### Exercise objective
Once the pictures are removed, reproduce what is left of the data below exactly.

### Data provided
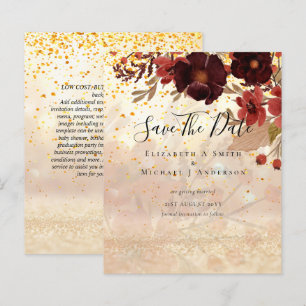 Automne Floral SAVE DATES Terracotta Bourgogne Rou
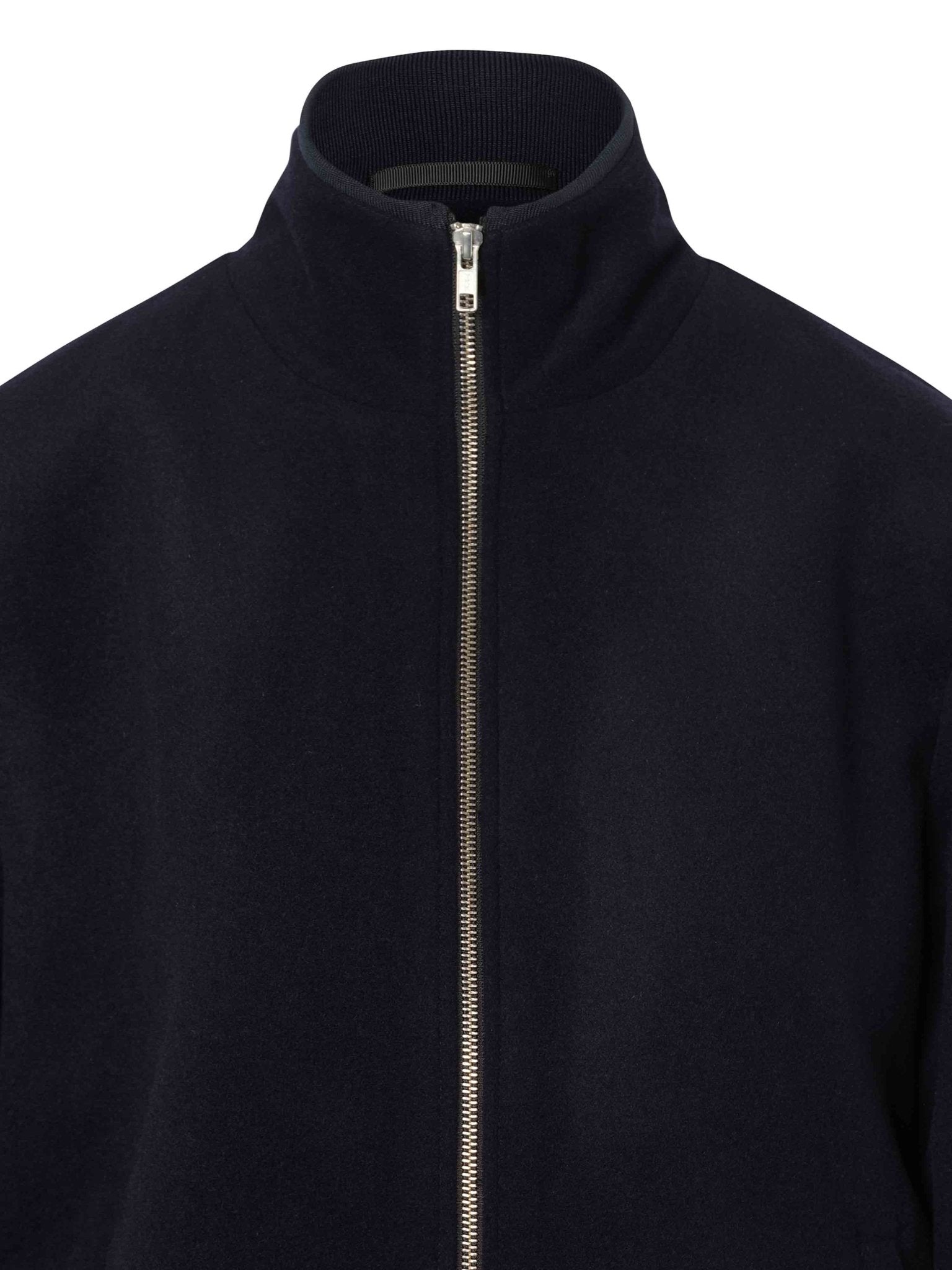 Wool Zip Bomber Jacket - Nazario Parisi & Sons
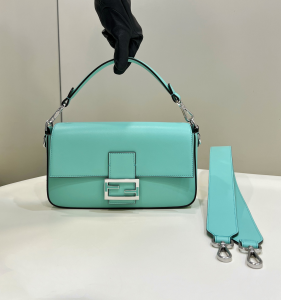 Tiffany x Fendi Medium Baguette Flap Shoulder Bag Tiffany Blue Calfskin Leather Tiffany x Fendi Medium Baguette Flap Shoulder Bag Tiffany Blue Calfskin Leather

### Written solution
 Automne Floral SAVE DATES Terracotta Bourgogne Rou
 Wool Zip Bomber Jacket - Nazario Parisi & Sons
 Tiffany x Fendi Medium Baguette Flap Shoulder Bag Tiffany Blue Calfskin Leather Tiffany x Fendi Medium Baguette Flap Shoulder Bag Tiffany Blue Calfskin Leather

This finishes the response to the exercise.